[DATA UNDER STUDY — start]

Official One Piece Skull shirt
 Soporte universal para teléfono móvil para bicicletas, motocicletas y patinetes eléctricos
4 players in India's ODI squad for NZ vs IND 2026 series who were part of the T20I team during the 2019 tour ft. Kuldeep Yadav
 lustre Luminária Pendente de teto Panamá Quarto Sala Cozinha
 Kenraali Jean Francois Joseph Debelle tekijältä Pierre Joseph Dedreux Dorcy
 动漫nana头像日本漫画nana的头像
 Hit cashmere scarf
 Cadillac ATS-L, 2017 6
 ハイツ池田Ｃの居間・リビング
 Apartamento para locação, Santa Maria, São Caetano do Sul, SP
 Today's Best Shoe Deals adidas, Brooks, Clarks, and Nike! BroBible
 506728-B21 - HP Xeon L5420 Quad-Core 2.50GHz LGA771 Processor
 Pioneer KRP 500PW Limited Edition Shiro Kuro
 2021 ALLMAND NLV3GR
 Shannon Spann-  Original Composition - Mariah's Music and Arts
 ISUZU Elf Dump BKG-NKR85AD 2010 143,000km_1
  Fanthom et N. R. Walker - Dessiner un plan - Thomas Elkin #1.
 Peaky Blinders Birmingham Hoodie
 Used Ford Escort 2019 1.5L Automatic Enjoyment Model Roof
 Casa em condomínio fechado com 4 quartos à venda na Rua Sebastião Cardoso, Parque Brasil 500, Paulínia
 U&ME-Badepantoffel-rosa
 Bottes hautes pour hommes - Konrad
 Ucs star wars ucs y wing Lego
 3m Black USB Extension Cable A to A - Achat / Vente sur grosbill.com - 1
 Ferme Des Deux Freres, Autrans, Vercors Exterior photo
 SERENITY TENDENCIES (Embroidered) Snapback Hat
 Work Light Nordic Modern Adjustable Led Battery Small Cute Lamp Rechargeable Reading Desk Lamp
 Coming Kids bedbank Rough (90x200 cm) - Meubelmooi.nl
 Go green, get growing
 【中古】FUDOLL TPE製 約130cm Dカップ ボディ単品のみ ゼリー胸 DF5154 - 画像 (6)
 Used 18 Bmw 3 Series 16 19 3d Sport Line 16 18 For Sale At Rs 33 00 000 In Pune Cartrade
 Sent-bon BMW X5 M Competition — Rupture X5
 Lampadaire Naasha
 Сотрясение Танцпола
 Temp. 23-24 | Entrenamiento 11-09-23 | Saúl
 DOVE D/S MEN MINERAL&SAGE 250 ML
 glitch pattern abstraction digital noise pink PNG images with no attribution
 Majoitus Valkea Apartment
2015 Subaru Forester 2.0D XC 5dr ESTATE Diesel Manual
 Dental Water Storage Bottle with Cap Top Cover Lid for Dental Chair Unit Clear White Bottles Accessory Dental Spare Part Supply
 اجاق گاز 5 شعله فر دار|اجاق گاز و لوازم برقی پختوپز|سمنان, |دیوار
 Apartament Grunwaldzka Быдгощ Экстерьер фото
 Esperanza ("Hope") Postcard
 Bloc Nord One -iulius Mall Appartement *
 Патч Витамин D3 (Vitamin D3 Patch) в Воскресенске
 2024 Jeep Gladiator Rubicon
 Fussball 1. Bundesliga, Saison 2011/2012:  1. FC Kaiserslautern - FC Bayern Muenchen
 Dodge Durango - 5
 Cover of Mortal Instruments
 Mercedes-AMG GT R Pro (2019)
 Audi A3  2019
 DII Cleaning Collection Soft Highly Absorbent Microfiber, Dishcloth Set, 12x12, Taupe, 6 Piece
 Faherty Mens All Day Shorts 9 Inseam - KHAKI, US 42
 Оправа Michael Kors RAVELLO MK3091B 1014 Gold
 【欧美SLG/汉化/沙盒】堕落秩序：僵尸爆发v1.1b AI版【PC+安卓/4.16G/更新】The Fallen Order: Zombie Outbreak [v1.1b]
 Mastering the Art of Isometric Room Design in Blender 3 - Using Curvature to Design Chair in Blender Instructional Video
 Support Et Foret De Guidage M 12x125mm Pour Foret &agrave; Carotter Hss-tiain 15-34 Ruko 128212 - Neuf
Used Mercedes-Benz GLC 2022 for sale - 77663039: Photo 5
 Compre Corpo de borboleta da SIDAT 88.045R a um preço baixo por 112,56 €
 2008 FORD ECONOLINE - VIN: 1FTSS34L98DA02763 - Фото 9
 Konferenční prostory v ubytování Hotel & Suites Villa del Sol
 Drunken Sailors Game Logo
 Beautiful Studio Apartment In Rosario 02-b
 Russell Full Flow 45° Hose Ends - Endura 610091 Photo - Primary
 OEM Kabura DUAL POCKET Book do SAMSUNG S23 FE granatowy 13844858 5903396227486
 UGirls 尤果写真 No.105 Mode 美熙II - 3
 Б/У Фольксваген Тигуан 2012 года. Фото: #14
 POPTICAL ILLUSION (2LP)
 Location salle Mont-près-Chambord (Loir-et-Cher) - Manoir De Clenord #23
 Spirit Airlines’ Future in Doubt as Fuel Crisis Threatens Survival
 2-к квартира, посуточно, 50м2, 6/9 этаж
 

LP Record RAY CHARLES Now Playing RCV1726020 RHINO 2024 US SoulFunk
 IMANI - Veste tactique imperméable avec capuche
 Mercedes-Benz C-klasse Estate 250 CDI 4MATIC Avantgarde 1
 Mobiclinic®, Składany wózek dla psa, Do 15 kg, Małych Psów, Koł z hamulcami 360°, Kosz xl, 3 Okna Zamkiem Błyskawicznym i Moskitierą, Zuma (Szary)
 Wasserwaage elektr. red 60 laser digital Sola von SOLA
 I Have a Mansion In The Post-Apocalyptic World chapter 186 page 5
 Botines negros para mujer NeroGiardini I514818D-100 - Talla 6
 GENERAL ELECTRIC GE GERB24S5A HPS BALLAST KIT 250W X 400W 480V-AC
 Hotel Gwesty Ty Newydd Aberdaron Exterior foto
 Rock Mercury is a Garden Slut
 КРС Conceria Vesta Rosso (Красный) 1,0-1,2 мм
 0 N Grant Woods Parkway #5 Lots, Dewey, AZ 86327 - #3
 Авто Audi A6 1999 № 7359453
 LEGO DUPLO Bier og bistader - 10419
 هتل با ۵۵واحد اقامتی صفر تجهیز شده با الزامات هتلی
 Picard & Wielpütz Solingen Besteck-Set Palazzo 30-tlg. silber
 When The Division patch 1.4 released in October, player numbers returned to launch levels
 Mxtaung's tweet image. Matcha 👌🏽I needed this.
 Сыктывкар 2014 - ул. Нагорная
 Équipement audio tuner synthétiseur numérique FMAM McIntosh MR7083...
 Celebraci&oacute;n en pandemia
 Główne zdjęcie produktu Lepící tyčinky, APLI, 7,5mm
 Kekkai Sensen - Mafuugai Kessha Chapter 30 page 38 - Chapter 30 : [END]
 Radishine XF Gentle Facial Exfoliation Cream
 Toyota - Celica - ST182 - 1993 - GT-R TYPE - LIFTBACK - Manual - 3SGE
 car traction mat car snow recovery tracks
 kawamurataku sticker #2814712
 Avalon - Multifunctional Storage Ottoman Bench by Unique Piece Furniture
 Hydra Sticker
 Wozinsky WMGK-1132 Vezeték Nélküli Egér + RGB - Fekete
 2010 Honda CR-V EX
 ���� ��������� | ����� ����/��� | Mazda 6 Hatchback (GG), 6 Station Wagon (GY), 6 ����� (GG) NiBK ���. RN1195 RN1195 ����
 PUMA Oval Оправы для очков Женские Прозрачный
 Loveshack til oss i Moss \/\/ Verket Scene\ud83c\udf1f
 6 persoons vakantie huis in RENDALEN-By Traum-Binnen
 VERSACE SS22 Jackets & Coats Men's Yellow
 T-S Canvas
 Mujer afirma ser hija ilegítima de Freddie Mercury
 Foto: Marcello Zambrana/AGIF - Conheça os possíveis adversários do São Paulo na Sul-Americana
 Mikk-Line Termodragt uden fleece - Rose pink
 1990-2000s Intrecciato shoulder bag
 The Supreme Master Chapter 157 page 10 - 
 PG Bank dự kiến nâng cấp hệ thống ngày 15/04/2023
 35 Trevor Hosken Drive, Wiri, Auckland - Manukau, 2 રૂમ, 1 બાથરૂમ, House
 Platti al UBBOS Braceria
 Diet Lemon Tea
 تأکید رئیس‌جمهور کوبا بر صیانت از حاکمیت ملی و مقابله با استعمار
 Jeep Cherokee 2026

[DATA UNDER STUDY — finish]

WHAT THE TASK ASKS:
Restate word for word the lines of the data above, starting at the line containing "КРС Conceria Vesta" and ending at the line containing "Avalon - Multifunctional", both included, and nothing more.

FINAL ANSWER:
 КРС Conceria Vesta Rosso (Красный) 1,0-1,2 мм
 0 N Grant Woods Parkway #5 Lots, Dewey, AZ 86327 - #3
 Авто Audi A6 1999 № 7359453
 LEGO DUPLO Bier og bistader - 10419
 هتل با ۵۵واحد اقامتی صفر تجهیز شده با الزامات هتلی
 Picard & Wielpütz Solingen Besteck-Set Palazzo 30-tlg. silber
 When The Division patch 1.4 released in October, player numbers returned to launch levels
 Mxtaung's tweet image. Matcha 👌🏽I needed this.
 Сыктывкар 2014 - ул. Нагорная
 Équipement audio tuner synthétiseur numérique FMAM McIntosh MR7083...
 Celebraci&oacute;n en pandemia
 Główne zdjęcie produktu Lepící tyčinky, APLI, 7,5mm
 Kekkai Sensen - Mafuugai Kessha Chapter 30 page 38 - Chapter 30 : [END]
 Radishine XF Gentle Facial Exfoliation Cream
 Toyota - Celica - ST182 - 1993 - GT-R TYPE - LIFTBACK - Manual - 3SGE
 car traction mat car snow recovery tracks
 kawamurataku sticker #2814712
 Avalon - Multifunctional Storage Ottoman Bench by Unique Piece Furniture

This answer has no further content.